Leslie Probyn


Sir Leslie Probyn was an administrator for the British Empire.

Career

Probyn was called to the bar at the Middle Temple in 1884.
He began his career as a British colonial administrator in the Caribbean. From 1893 to 1896, he served as Attorney-General of British Honduras. In 1896, he was appointed Attorney General of Grenada. He was then moved to west Africa, serving successively as Secretary and Acting High Commissioner of Southern Nigeria and governor of Sierra Leone.
Probyn then returned to the Caribbean, where he was first Governor of Barbados and then of Jamaica. During his tenure as governor of Jamaica, women were granted suffrage. However, Probyn mandated that this be subject to "safe and rigid qualifications", meaning that the majority of black Jamaican women were still effectively denied the right to vote.
On his retirement from the colonial service he returned to England, where he served as Chairman of the Royal Victoria Hospital, Folkestone.

Personal life

Probyn was one of four children of Edmund Probyn, JP and DL, and Charlotte Seymour Jones.

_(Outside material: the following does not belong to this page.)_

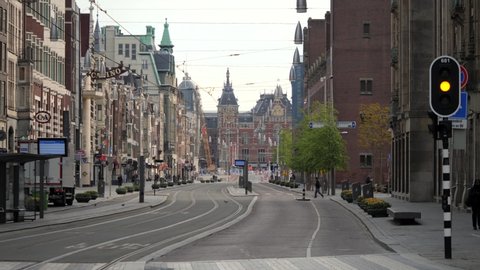 AMSTERDAM – MAY 03, 2020: Almost empty (few people) on the Damrak street in Amsterdam during a partial lockdown due to COVID-19 (Coronavirus). View from Dam Square on Central Station.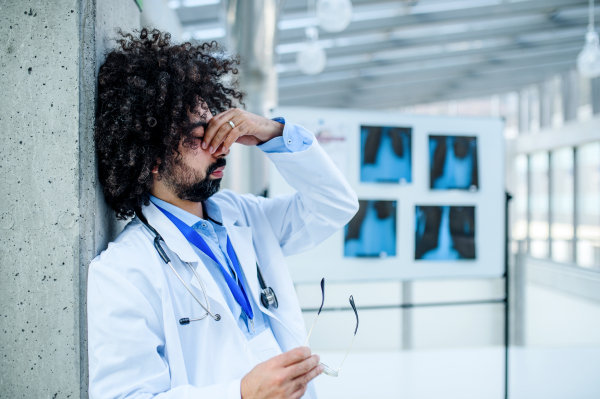 Worried and tired doctor standing in hospital, corona virus concept. Copy space.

He was educated at Charterhouse School. He was made a KCMG in 1909. He married Emily Davies, with whom he had two daughters, Sybil Rose and Dorothy Emily. Through his sister, Evelyn, he was uncle of the seventh earl of Lisburne.
Probyn was also the author of a number of treatises on legal practice, and was a regular contributor to the literary magazine The Nineteenth Century and After.